A series of landscape ‘elements’, sculptural in quality, adorn an underused park on the outskirts of Manchester. Inspired by the sculptures of Isamu Noguchi and the architecture of Cedric Price, the intervention poetically inspires the occurrence of new events, chance encounters in the landscape, endowing the place with a sense of belonging and an atmosphere of welcome.
The ‘elements’ trace the paths of park users, leaving a ghost-like trail around the park. The paths encourage the meeting of glances, discussions and minds to enrich the life therein.
Robust yet elegant, the trails weave through the grass out onto the path and back into the grass on the other side. Blocks rise up and down, allowing places for relaxation, sunbathing and sitting. Slopes leading up to the Bowling Green become adorned with a metal sheeting recessed into the slope – acting as a mirror reflecting the sun around the park or a slide for play.
Practicality is inbuilt – with comments from park users incorporated to create a clean and safe place. Lighting becomes an intrinsic part of the floor level element, guiding the key paths through the park to improve safety for walkers at night. Bins at regular intervals encourage cleanliness.

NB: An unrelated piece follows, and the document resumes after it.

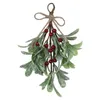 Decorative Flowers Frosted Artificial Mistletoe Fake Sprigs Bunches Stems Festive Durable Christmas Decoration For Home Winter Indoor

The ambiguity of the elements enables a diversity of situations to occur; perhaps two lovers meet, entwined in a clandestine affair or dog walkers stroll together along habitual paths, stopping at intervals to chat. In the future the area becomes, perhaps, more densely populated with young families and the area becomes a playground for children rather than dogs and their owners. The beauty lies in its ambiguity.